* Task
The required output is the exact run of lines below that opens at the line with "Modern Village Condo" and closes at the line with "Trường học biến".

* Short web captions

################

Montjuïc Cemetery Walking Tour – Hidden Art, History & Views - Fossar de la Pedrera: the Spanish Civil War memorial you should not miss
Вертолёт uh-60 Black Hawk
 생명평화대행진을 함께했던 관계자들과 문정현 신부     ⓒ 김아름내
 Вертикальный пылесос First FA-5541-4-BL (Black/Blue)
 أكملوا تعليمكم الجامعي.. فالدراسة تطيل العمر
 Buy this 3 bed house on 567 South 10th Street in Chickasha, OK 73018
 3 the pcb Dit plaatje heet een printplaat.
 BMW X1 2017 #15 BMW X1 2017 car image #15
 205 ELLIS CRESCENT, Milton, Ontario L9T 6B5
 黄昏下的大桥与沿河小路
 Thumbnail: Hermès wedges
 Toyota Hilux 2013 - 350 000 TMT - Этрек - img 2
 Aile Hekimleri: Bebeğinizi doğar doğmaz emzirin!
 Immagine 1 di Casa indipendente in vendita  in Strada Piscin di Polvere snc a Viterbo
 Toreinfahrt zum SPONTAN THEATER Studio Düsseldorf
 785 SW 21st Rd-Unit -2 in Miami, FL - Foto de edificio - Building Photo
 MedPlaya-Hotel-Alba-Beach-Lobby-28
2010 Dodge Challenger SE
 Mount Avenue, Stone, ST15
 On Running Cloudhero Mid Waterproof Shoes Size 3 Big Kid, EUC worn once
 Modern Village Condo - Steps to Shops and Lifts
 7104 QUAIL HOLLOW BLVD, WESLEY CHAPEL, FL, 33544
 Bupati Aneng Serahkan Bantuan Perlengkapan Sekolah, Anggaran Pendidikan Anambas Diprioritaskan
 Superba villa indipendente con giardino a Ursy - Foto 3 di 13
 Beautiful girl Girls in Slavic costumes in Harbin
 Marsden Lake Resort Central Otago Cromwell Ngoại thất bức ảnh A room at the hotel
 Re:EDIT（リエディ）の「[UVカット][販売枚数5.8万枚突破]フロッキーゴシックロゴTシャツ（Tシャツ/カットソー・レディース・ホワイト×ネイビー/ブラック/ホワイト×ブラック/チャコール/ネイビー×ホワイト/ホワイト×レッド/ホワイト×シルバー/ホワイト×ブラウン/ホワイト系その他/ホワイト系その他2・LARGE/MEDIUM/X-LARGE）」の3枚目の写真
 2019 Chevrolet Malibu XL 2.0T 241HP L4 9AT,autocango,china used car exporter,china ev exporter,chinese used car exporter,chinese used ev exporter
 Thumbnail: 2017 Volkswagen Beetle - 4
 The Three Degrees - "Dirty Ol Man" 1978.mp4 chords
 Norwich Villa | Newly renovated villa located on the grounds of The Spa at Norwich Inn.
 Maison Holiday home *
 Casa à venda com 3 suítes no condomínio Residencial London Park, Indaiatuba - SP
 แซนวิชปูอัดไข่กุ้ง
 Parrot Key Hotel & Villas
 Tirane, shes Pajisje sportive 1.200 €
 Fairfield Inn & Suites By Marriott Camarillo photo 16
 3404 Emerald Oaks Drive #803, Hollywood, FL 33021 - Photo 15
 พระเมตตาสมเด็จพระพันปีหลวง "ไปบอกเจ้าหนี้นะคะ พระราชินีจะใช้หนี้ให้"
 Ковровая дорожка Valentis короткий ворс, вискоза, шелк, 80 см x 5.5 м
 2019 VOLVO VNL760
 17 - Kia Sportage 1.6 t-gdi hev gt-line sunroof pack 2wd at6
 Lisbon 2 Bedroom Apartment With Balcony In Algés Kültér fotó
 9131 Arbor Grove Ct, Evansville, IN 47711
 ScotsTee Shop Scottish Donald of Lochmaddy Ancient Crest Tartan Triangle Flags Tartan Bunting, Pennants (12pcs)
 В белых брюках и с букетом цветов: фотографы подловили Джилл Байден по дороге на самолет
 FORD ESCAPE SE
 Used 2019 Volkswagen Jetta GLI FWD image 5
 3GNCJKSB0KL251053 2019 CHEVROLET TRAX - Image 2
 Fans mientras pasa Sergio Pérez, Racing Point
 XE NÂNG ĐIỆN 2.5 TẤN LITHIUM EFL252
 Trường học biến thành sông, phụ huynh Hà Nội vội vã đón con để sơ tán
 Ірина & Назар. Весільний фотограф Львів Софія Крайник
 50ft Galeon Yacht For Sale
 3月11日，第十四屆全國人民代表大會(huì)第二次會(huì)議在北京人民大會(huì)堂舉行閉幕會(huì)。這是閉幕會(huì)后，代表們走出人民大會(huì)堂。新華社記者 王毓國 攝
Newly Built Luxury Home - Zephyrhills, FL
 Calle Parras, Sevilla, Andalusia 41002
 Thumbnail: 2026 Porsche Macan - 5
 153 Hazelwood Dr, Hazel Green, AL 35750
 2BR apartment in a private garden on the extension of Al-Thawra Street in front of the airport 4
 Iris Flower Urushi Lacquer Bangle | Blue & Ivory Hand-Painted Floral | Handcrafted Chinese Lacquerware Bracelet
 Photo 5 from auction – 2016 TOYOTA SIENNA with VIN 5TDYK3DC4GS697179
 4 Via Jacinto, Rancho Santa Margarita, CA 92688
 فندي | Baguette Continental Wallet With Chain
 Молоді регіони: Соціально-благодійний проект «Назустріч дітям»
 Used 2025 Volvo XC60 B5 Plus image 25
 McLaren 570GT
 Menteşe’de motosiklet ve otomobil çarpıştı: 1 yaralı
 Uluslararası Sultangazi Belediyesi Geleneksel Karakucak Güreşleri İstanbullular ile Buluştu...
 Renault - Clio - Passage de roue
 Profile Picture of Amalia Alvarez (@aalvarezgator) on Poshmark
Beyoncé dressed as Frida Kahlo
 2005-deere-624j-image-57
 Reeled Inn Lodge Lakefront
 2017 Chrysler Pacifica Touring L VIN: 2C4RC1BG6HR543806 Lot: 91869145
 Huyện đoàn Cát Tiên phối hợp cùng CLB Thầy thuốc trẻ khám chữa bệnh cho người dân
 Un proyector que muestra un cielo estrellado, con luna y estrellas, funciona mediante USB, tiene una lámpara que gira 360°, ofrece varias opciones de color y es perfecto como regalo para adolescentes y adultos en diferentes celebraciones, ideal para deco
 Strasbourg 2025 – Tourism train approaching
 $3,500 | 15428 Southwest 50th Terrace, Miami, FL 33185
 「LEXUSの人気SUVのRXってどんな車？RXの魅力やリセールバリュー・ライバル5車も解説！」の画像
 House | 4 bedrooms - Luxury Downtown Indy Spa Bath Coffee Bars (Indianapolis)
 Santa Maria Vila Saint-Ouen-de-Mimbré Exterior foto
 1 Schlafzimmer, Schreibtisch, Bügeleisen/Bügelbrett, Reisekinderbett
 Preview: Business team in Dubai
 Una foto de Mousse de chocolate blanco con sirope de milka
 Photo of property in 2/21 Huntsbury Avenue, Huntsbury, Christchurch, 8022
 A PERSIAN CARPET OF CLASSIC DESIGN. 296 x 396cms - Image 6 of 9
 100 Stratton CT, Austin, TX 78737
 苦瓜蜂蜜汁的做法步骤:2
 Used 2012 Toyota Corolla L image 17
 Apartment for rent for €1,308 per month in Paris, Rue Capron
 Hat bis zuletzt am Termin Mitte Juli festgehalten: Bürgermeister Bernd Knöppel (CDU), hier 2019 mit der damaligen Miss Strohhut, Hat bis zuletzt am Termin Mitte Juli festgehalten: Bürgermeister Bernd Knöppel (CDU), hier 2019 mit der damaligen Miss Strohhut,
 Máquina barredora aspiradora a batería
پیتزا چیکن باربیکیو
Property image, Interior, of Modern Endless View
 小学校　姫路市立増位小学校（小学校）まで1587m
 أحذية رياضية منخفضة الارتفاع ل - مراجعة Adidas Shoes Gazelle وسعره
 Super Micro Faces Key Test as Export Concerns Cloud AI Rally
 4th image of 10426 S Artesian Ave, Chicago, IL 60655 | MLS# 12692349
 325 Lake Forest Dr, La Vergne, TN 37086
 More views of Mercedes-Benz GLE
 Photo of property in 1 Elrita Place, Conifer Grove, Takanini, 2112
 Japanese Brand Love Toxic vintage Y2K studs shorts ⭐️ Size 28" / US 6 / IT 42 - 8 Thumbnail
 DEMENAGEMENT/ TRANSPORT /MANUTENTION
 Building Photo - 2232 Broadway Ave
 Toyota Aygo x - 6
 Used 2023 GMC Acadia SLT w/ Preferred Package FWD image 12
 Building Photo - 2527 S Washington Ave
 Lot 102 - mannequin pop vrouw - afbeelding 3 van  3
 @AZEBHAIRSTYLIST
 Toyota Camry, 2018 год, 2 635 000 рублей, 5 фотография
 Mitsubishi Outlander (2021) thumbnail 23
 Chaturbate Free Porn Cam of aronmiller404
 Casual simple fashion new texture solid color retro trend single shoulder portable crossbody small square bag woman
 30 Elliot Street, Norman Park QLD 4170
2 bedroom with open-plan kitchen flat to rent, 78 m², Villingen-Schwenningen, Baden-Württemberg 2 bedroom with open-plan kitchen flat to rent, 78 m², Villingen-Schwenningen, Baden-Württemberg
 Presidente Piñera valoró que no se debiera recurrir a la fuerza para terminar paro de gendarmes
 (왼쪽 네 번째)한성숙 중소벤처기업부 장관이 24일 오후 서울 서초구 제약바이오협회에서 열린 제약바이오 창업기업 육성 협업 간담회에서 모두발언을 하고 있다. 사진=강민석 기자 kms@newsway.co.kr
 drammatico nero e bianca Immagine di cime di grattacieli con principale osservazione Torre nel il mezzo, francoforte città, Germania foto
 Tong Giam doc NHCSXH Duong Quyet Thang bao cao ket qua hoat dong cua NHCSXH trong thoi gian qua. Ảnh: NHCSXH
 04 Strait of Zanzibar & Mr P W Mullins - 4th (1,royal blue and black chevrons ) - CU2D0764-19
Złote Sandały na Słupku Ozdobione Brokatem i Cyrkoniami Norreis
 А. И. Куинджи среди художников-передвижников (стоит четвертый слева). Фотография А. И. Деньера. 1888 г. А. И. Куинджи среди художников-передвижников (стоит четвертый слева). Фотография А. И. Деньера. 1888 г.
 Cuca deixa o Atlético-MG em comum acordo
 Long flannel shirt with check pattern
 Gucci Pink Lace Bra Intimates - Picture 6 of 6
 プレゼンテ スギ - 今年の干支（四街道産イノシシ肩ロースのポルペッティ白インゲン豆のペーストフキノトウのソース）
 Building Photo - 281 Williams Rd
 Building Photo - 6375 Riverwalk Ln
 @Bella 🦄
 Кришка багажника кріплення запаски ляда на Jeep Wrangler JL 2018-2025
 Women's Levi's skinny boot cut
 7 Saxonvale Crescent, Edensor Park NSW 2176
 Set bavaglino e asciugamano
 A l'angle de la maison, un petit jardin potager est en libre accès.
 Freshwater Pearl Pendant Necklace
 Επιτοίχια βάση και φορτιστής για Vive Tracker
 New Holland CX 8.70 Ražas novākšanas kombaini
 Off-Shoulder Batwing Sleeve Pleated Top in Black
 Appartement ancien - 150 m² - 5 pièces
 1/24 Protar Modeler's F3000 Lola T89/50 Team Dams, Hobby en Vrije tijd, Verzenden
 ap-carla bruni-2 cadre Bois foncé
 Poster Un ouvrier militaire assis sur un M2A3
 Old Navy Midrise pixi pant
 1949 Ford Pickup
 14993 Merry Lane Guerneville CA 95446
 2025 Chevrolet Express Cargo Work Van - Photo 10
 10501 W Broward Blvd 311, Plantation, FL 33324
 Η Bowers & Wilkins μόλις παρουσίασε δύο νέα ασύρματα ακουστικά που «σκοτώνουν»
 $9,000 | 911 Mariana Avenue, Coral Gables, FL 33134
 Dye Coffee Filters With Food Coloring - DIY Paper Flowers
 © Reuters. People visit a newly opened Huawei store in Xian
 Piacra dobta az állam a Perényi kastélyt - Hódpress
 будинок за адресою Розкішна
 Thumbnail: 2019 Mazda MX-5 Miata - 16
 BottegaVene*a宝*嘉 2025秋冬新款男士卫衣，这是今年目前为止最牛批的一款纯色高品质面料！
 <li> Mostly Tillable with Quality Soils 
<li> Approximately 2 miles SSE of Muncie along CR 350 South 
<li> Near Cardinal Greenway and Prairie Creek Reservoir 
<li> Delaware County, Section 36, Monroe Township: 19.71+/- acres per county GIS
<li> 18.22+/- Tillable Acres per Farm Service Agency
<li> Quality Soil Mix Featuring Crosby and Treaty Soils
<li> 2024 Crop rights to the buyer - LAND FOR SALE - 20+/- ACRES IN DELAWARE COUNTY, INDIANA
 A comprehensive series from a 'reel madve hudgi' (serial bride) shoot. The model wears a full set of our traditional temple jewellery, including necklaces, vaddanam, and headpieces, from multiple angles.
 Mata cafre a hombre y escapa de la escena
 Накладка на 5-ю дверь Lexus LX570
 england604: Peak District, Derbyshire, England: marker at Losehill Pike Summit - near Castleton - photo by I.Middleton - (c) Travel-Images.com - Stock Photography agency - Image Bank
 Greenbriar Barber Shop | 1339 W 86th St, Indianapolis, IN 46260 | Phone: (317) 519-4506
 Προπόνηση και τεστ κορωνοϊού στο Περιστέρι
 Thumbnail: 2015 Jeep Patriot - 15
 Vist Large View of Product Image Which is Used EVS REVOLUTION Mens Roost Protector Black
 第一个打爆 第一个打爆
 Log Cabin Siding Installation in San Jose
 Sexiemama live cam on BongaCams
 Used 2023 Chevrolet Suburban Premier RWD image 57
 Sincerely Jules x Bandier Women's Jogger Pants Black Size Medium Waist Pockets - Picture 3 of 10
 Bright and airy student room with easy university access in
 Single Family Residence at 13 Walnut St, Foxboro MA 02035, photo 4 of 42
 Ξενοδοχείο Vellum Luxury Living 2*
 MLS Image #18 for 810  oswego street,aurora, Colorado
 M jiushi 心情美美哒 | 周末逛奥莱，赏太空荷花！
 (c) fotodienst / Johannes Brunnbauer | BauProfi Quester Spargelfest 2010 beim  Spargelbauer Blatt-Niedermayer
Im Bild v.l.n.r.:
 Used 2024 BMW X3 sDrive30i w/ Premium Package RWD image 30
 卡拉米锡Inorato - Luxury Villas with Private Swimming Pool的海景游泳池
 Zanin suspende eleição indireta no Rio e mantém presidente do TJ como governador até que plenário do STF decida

################

* Response
 Modern Village Condo - Steps to Shops and Lifts
 7104 QUAIL HOLLOW BLVD, WESLEY CHAPEL, FL, 33544
 Bupati Aneng Serahkan Bantuan Perlengkapan Sekolah, Anggaran Pendidikan Anambas Diprioritaskan
 Superba villa indipendente con giardino a Ursy - Foto 3 di 13
 Beautiful girl Girls in Slavic costumes in Harbin
 Marsden Lake Resort Central Otago Cromwell Ngoại thất bức ảnh A room at the hotel
 Re:EDIT（リエディ）の「[UVカット][販売枚数5.8万枚突破]フロッキーゴシックロゴTシャツ（Tシャツ/カットソー・レディース・ホワイト×ネイビー/ブラック/ホワイト×ブラック/チャコール/ネイビー×ホワイト/ホワイト×レッド/ホワイト×シルバー/ホワイト×ブラウン/ホワイト系その他/ホワイト系その他2・LARGE/MEDIUM/X-LARGE）」の3枚目の写真
 2019 Chevrolet Malibu XL 2.0T 241HP L4 9AT,autocango,china used car exporter,china ev exporter,chinese used car exporter,chinese used ev exporter
 Thumbnail: 2017 Volkswagen Beetle - 4
 The Three Degrees - "Dirty Ol Man" 1978.mp4 chords
 Norwich Villa | Newly renovated villa located on the grounds of The Spa at Norwich Inn.
 Maison Holiday home *
 Casa à venda com 3 suítes no condomínio Residencial London Park, Indaiatuba - SP
 แซนวิชปูอัดไข่กุ้ง
 Parrot Key Hotel & Villas
 Tirane, shes Pajisje sportive 1.200 €
 Fairfield Inn & Suites By Marriott Camarillo photo 16
 3404 Emerald Oaks Drive #803, Hollywood, FL 33021 - Photo 15
 พระเมตตาสมเด็จพระพันปีหลวง "ไปบอกเจ้าหนี้นะคะ พระราชินีจะใช้หนี้ให้"
 Ковровая дорожка Valentis короткий ворс, вискоза, шелк, 80 см x 5.5 м
 2019 VOLVO VNL760
 17 - Kia Sportage 1.6 t-gdi hev gt-line sunroof pack 2wd at6
 Lisbon 2 Bedroom Apartment With Balcony In Algés Kültér fotó
 9131 Arbor Grove Ct, Evansville, IN 47711
 ScotsTee Shop Scottish Donald of Lochmaddy Ancient Crest Tartan Triangle Flags Tartan Bunting, Pennants (12pcs)
 В белых брюках и с букетом цветов: фотографы подловили Джилл Байден по дороге на самолет
 FORD ESCAPE SE
 Used 2019 Volkswagen Jetta GLI FWD image 5
 3GNCJKSB0KL251053 2019 CHEVROLET TRAX - Image 2
 Fans mientras pasa Sergio Pérez, Racing Point
 XE NÂNG ĐIỆN 2.5 TẤN LITHIUM EFL252
 Trường học biến thành sông, phụ huynh Hà Nội vội vã đón con để sơ tán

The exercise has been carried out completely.